[INPUT]

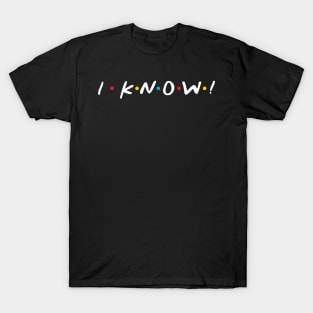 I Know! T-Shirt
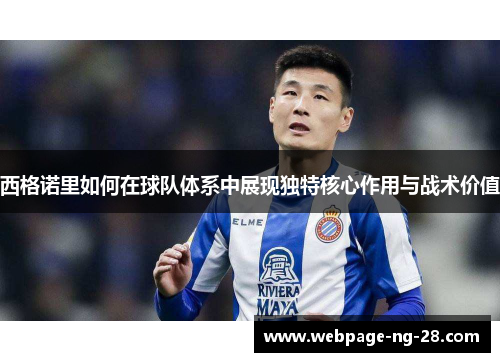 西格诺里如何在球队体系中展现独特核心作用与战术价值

[/INPUT]
[INPUT]

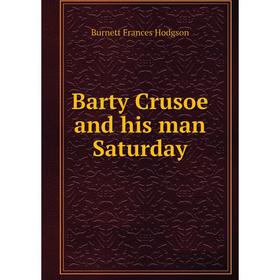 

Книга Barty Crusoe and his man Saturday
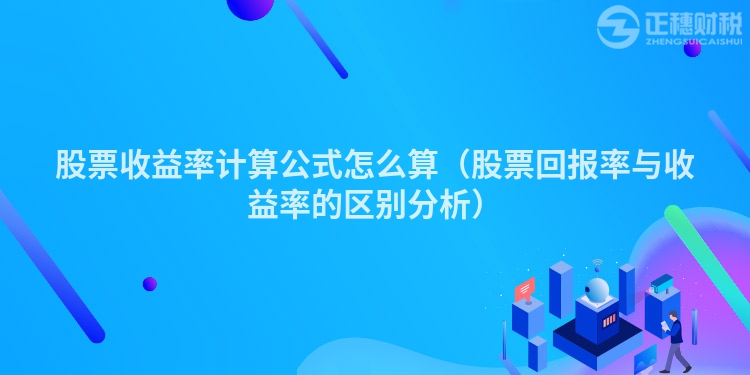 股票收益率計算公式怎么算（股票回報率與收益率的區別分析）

[/INPUT]

[WHAT YOU ARE ASKED TO DO]: The copy should hold exactly the lines above from the one with "Книга Barty Crusoe and his man Saturday" through the one with "股票收益率計算公式怎么算（股票回報率與收益率的區別分析）", both ends counted, and no pictures at all.

[ANSWER AREA]:
Книга Barty Crusoe and his man Saturday
 股票收益率計算公式怎么算（股票回報率與收益率的區別分析）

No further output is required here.